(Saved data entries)
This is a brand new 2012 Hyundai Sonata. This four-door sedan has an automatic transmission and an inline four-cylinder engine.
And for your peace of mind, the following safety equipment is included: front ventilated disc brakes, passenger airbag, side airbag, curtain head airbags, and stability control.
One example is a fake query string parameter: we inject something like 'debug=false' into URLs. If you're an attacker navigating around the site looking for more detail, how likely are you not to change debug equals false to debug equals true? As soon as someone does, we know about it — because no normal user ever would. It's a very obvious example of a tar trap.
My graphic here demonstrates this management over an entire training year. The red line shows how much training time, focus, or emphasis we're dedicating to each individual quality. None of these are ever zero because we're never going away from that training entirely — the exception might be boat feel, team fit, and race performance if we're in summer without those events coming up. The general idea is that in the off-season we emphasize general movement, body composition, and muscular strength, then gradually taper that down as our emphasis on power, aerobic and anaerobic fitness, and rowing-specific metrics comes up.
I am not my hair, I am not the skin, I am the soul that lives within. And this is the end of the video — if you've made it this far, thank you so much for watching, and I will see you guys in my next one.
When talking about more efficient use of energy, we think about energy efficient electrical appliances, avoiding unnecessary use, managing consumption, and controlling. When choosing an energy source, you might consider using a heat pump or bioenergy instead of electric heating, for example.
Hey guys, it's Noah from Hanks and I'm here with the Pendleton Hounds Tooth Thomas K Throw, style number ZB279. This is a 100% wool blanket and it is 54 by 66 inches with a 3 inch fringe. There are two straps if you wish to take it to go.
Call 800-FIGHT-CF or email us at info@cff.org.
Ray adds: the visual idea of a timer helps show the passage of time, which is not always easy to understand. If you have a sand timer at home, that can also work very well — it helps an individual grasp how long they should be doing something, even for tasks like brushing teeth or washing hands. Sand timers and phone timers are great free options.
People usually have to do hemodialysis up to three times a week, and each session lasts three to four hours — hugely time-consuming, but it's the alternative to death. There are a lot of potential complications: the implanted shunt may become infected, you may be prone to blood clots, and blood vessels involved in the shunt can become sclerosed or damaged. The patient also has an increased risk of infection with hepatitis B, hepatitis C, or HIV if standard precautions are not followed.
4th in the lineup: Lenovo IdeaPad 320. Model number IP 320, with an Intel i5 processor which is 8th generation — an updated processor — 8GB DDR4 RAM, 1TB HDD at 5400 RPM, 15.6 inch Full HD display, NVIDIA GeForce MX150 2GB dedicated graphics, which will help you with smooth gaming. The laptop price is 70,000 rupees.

Task description
Out of the data above, give again only the lines starting at the one holding "Hey guys, it's" and ending at the one holding "Call 800-FIGHT-CF or", unchanged.

Task answer
Hey guys, it's Noah from Hanks and I'm here with the Pendleton Hounds Tooth Thomas K Throw, style number ZB279. This is a 100% wool blanket and it is 54 by 66 inches with a 3 inch fringe. There are two straps if you wish to take it to go.
Call 800-FIGHT-CF or email us at info@cff.org.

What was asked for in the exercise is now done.